In Media Tarts Baird argues that women in Australian politics have punched above their weight, gaining additional media attention on the strength of their novelty value and because of the hyper-enthusiastic quest for a woman prime minister. But women's publicity success has not been matched by success in the traditional political sense and this has contributed to an inflated perception of their failure. Further, intense media scrutiny has exposed relative novices to aggressive resistance from their political competitors. Baird argues that many women politicians were pursued by their opponents not because they were women, but because they were potentially serious vote-pullers, electoral drawcards with the kind of popularity party strategists fantasise about?(p. 271). When these women failed to live up to unrealistic expectations the media set for them, the media's disappointment was often expressed as emotionally charged criticism, which was exaggerated by the women's high profiles. Thus, a woman's fall from grace seemed devastating. Baird observes, the bias that frequently emerged in the media made their transgressions grotesque, their mistakes almost sinister(p. 4).
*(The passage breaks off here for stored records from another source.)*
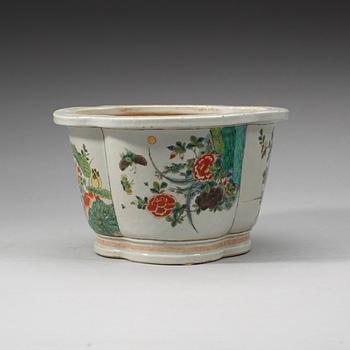 A famille verte flower pot, Qing dynasty, 19th Century.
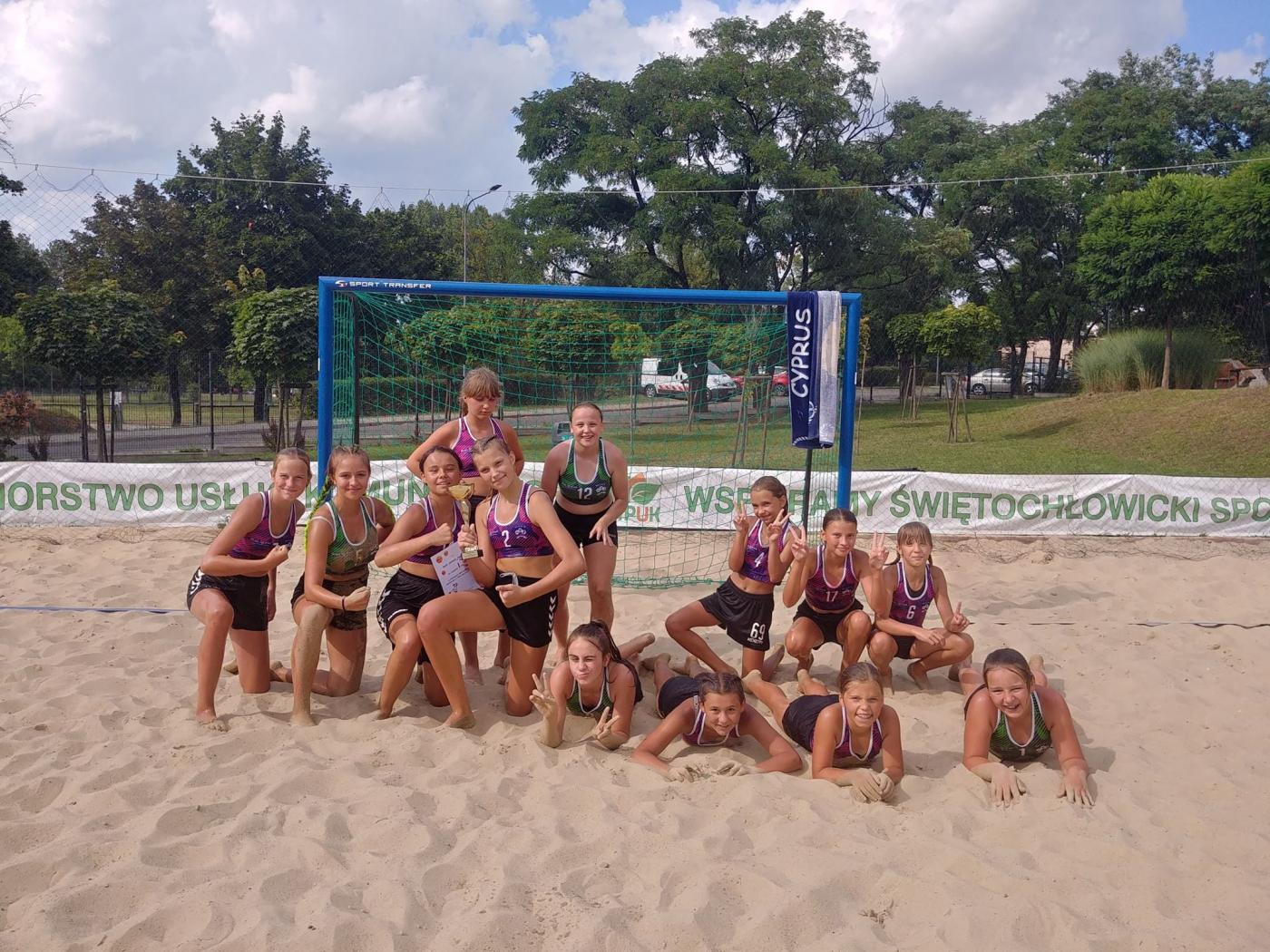 Kolejny awans świętochłowickich szczypiornistek!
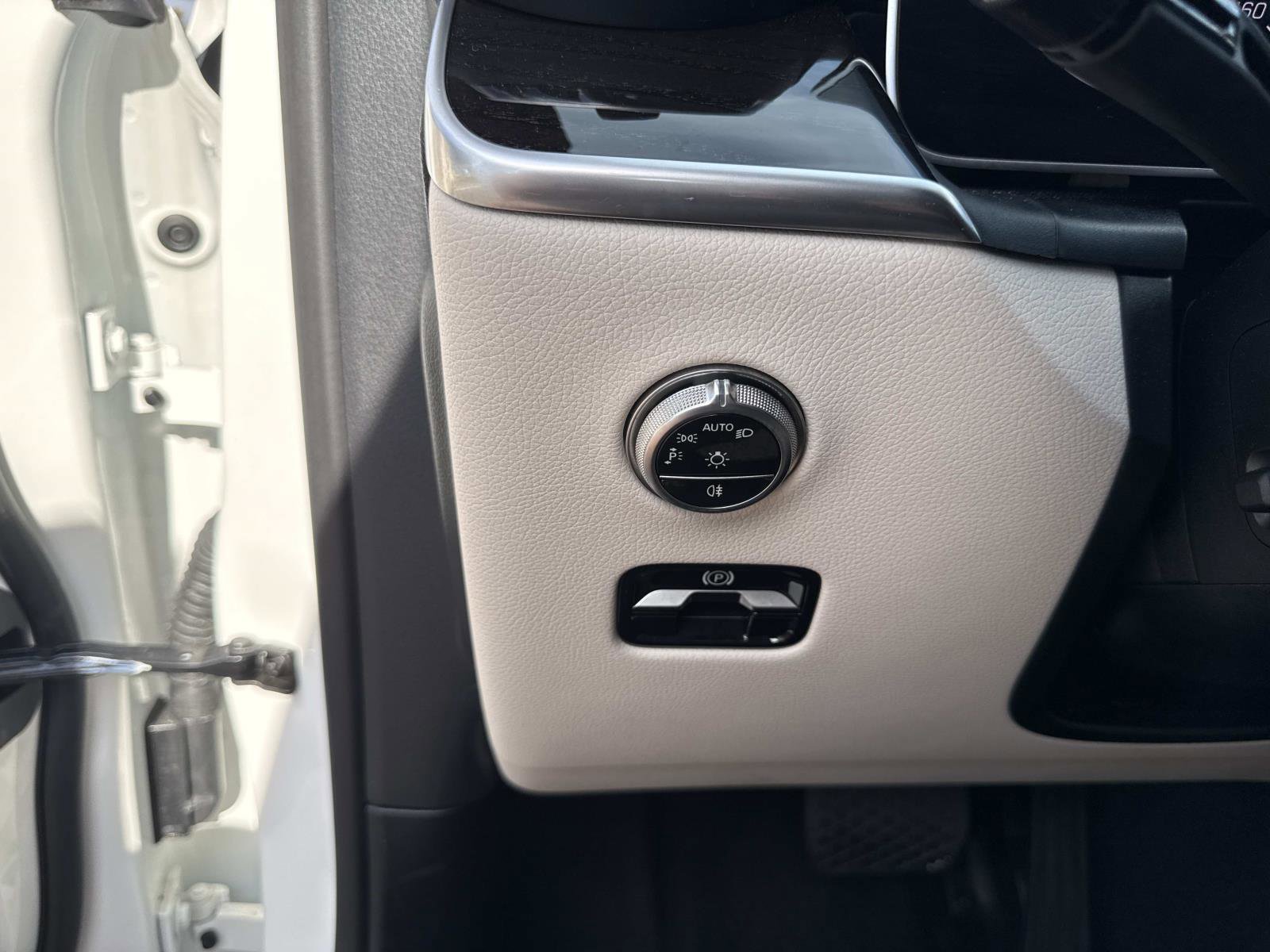 Used 2025 Mercedes-Benz GLC 300 image 32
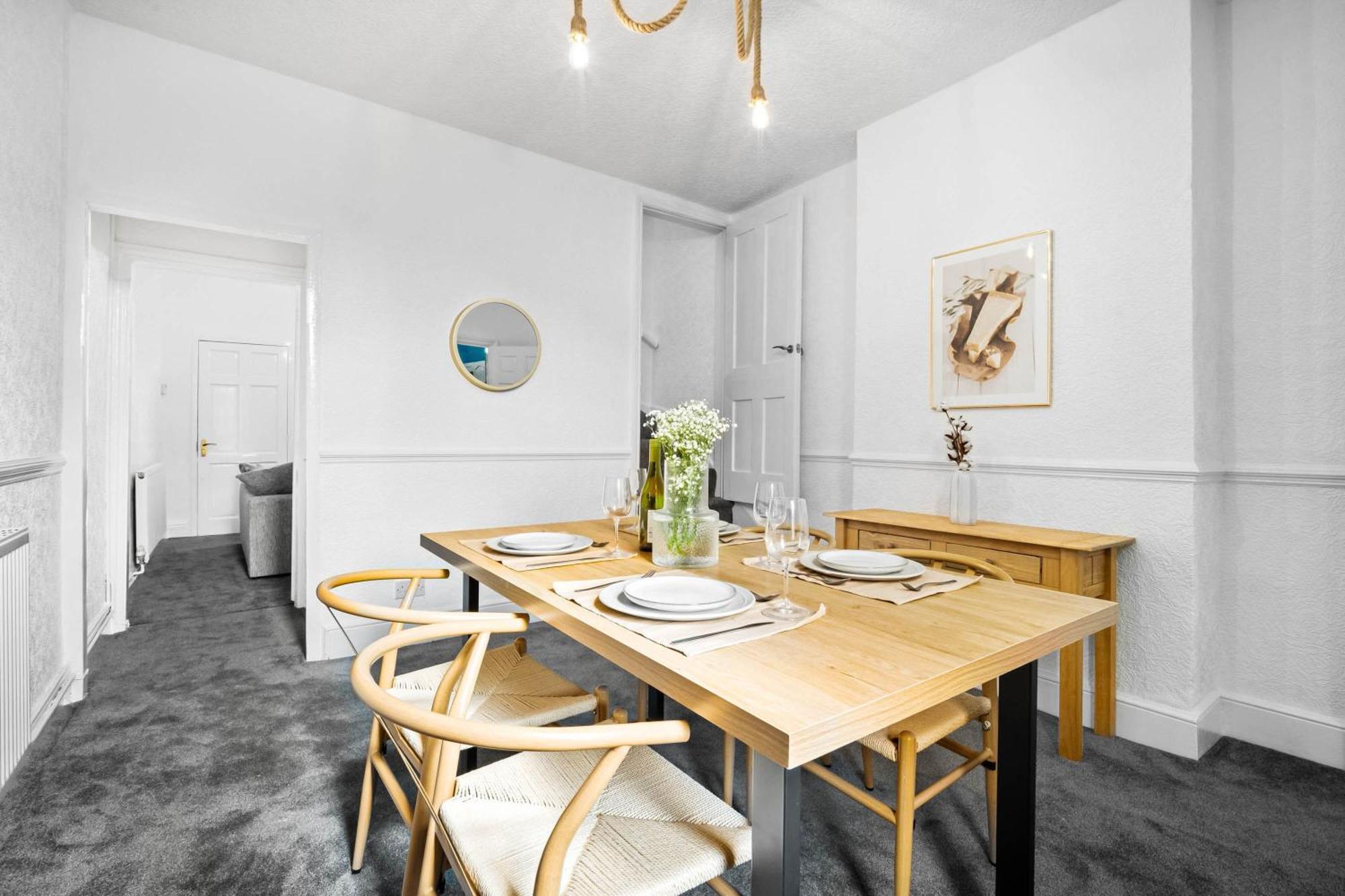 Stylish 3 Bedroom House - 6 Guests - Garden - Parking - Netflix - Wifi - 17M Birmingham Ngoại thất bức ảnh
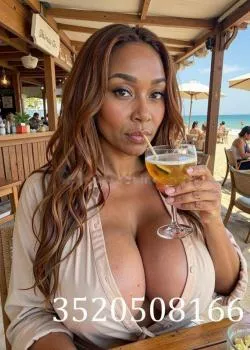 escort.it - A Catanzaro Cosenza Soverato Amantea Falerna Pisso Bellissima tornata Colombo Brasiliana Forme Naturali, 7 Mix Corpo Sensuale Completissima
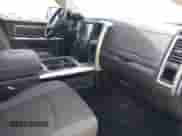 2017 Ram 1500 Big Horn z VIN 1C6RR6LT9HS773529, wystawiony jako IAAI lot #42614967 z przebiegiem 157 572 mil mil oraz . Historia ofert i sprzedaży dostępna na DreamBid. Obrazek 5.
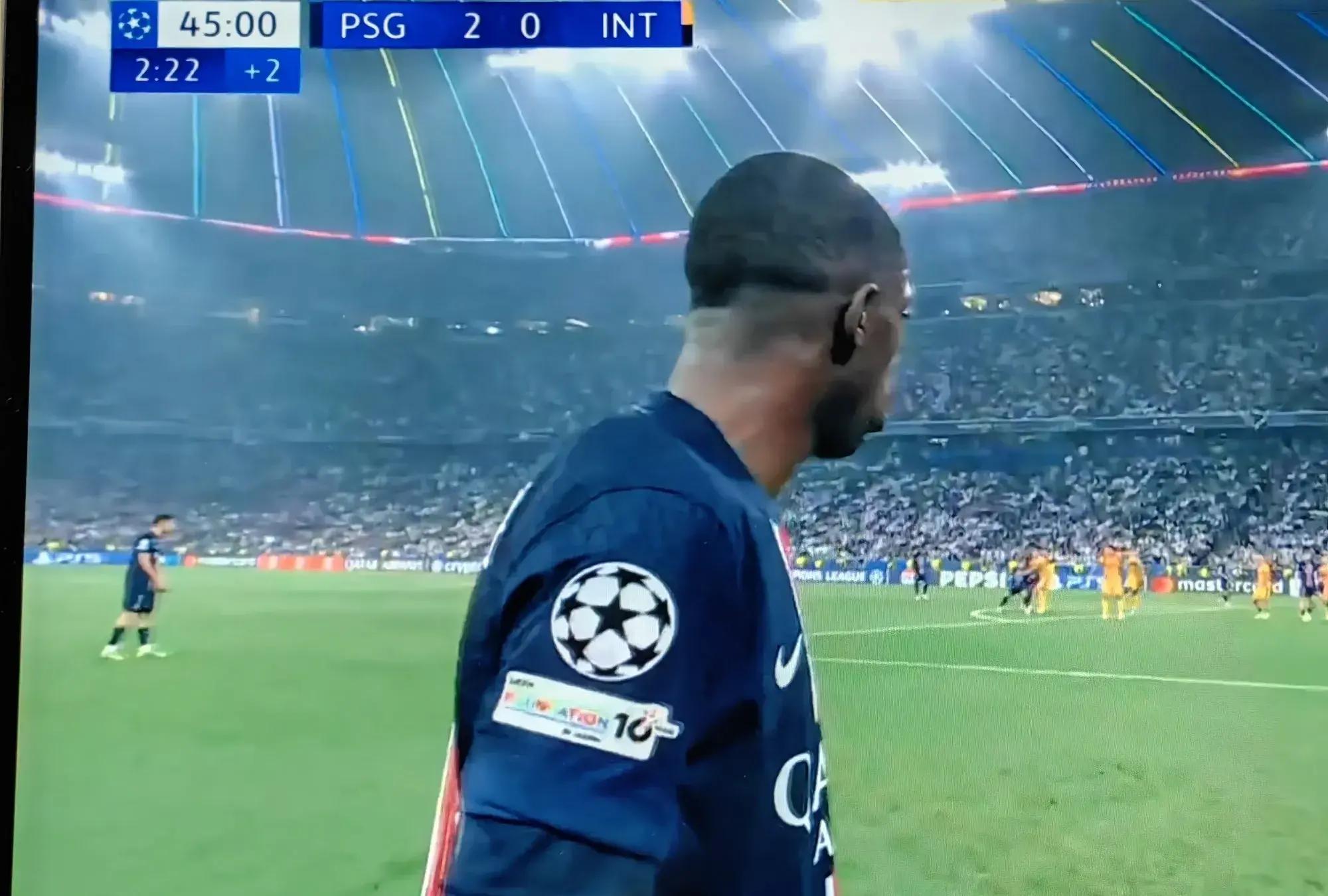 国际米兰客场惨败维罗纳,欧冠席位动摇 国际米兰客场惨败维罗纳,欧冠席位动摇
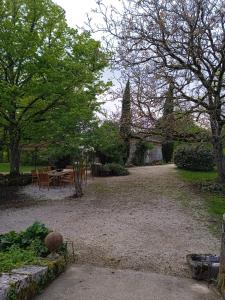 Gite Les 3 Toitures Ecogite le Luquet Saint Beauzeil 82外面的花园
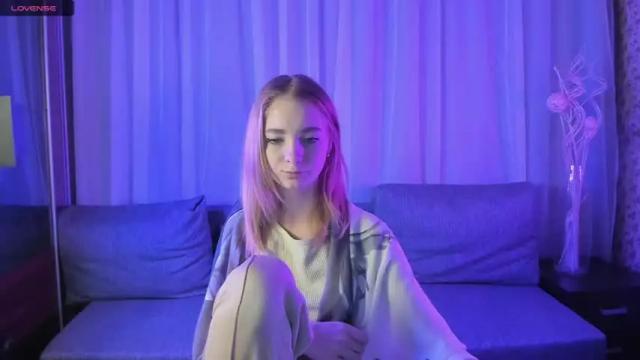 Image 2 of littlemableee Stream on Chaturbate on 19 months ago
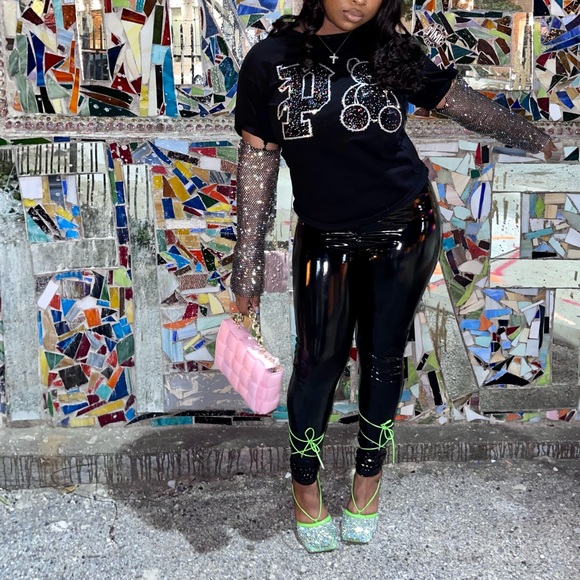 Sky W - Picture 3 of 3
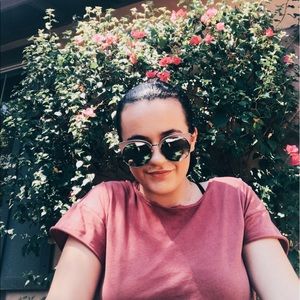 Meet your Posher, Daniela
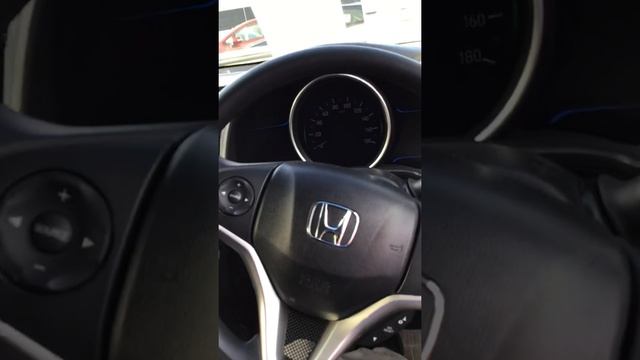2014 Honda Fit Hybrid смотреть онлайн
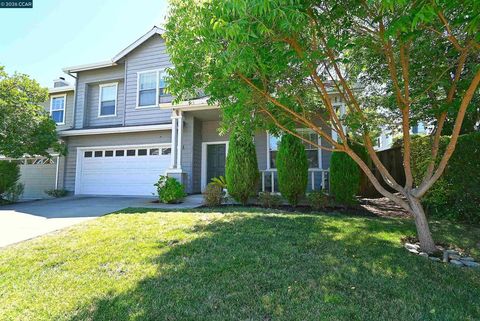 Tiny photo for 34 34 Elmwood Dr Dr, San Ramon, CA 94583 (MLS # 41126303)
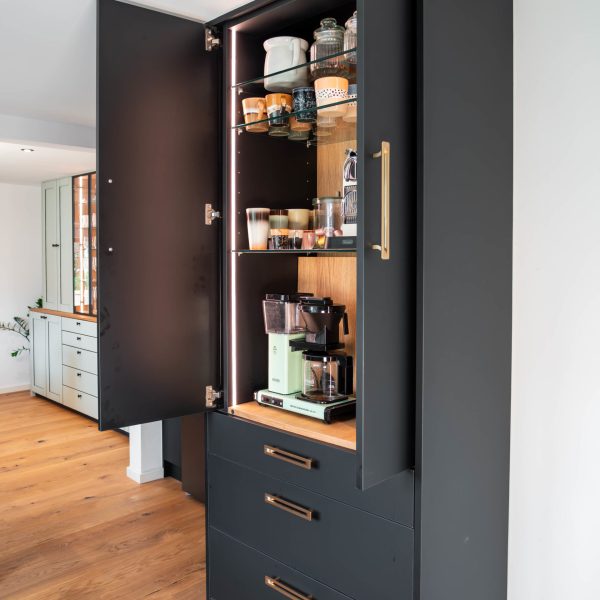 Kaffeeschrank geöffnet mit versenkbaren Türen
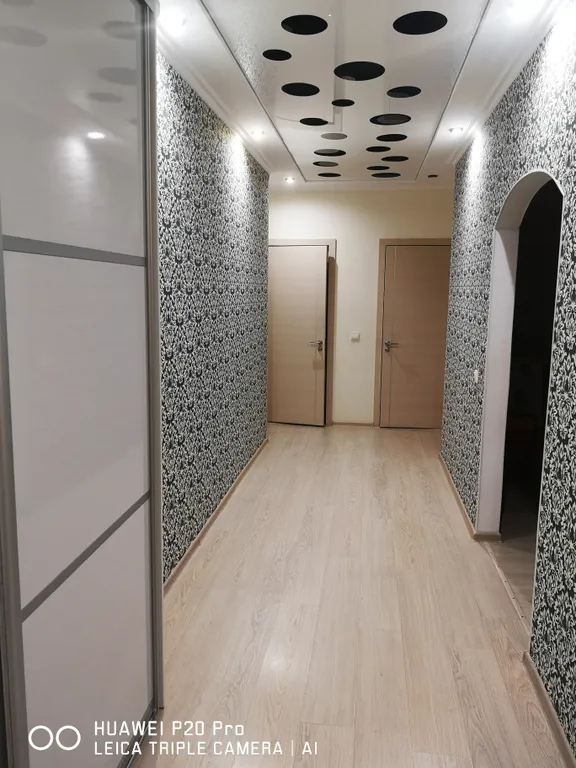 Квартира Уютная трехкомнатная комнатная квартира в новом доме — Элиста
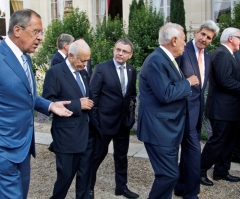 26 World Leaders Pledge to Stop ISIS as US Launches New Airstrikes in Iraq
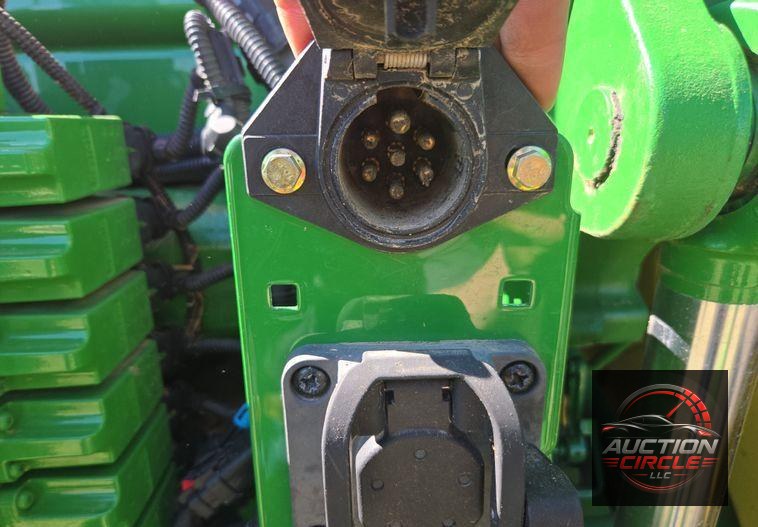 2012 John Deere 8285R MFWD tractor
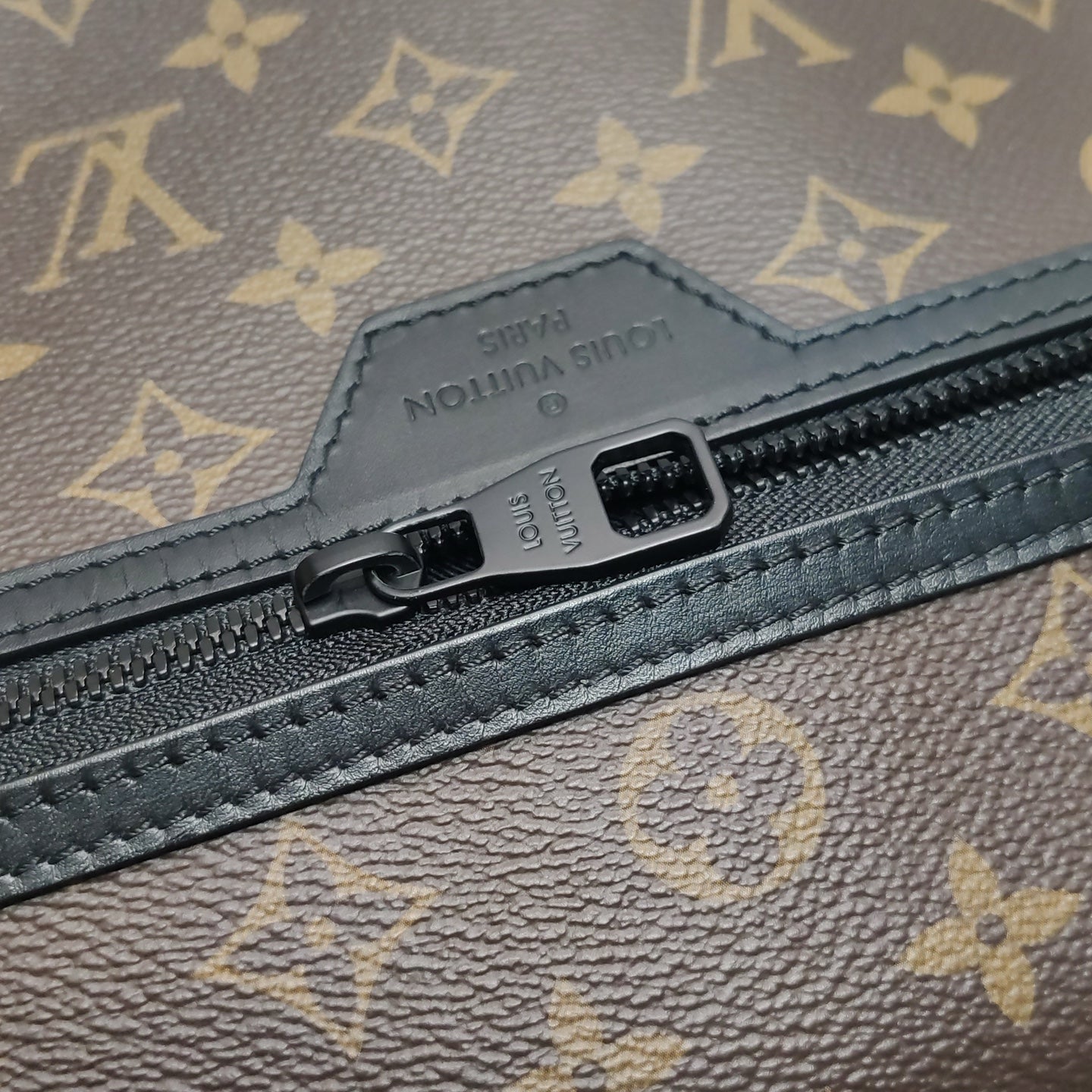 Louis Vuitton - Other - Synthetic - Brown - (medium)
Drawing on a solid body of evidence including interviews with women politicians past and present, and substantially informed by her recent doctoral thesis in the History Department at the University of Sydney, Media Tarts is a very satisfying discussion of the media's reporting of women in politics during recent Australia history. Baird considers the evolution of attitudes toward women politicians and gives a brief history of how they have been portrayed in the media and how they presented themselves publicly. Media Tarts reflects usefully on social attitudes toward women in public life; on the distance between the opinions of media and political elites and those of the general public; and on the relationship between reporters and politicians. Baird argues that the media is often blamed when a woman fails to succeed in politics when the greater enemy was rivalry in the political ranks. For instance, on the fall of Carmen Lawrence in the wake of the Penny Easton affair, Baird says, while the media pursued Lawrence fiercely over the story, it was her political opponents, in both the Labor and Liberal parties, who did the most damage?(p. 227). Baird's unstated implication is that many in the media don't understand well enough how the representative politics can work to distort the public will. Of one case study she observes the key question about the wax and wane of the Bronwyn Bishop phenomenon, posed by many journalists at the time, is whether her influence was exaggerated by the press?(p. 38).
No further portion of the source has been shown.